• **TASK GOAL**
What you produce should be an exact transcription of the data, minus any pictures.

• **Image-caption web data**
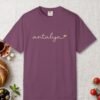Antalya Orange Slice Script Tee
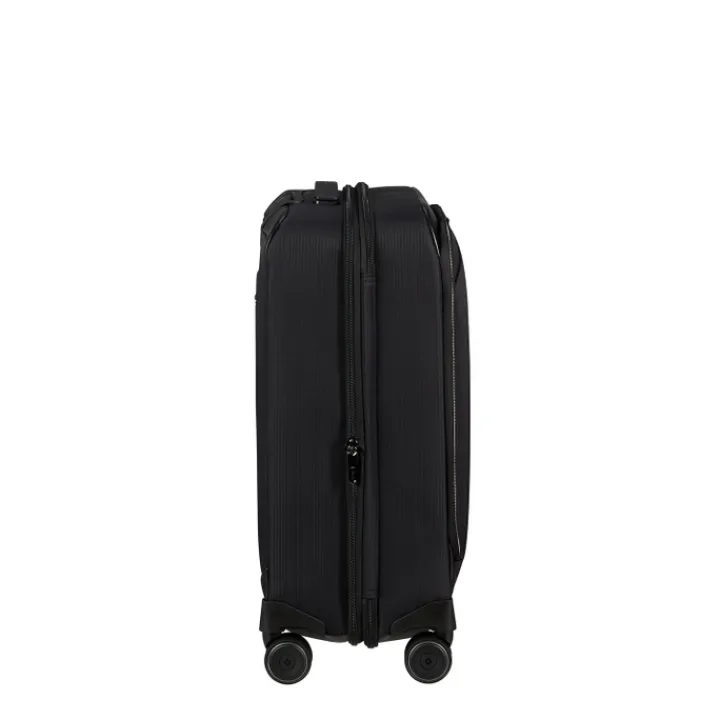 Transavia Trolleys|Handbagage Trolleys>Samsonite Splendix Spinner 55 DF EXP black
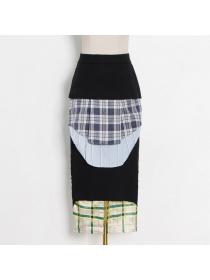European style Matching fashion skirt 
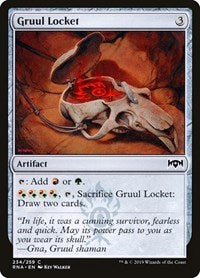 Gruul Locket [Ravnica Allegiance] | Exor Games Dartmouth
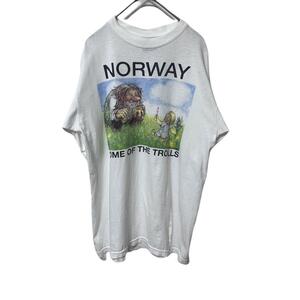 希少 Tシャツ 半袖シャツ　プリントロゴ　ビックロゴ　アメリカ古着　ヴィンテージ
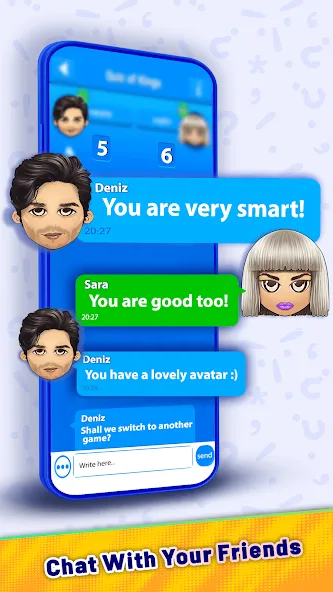 Quiz Of Kings: Trivia Games [MOD: безлимитные подсказки и монеты] Screenshot 3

• **EXPECTED OUTPUT**
Antalya Orange Slice Script Tee
 Transavia Trolleys|Handbagage Trolleys>Samsonite Splendix Spinner 55 DF EXP black
European style Matching fashion skirt 
 Gruul Locket [Ravnica Allegiance] | Exor Games Dartmouth
 希少 Tシャツ 半袖シャツ　プリントロゴ　ビックロゴ　アメリカ古着　ヴィンテージ
 Quiz Of Kings: Trivia Games [MOD: безлимитные подсказки и монеты] Screenshot 3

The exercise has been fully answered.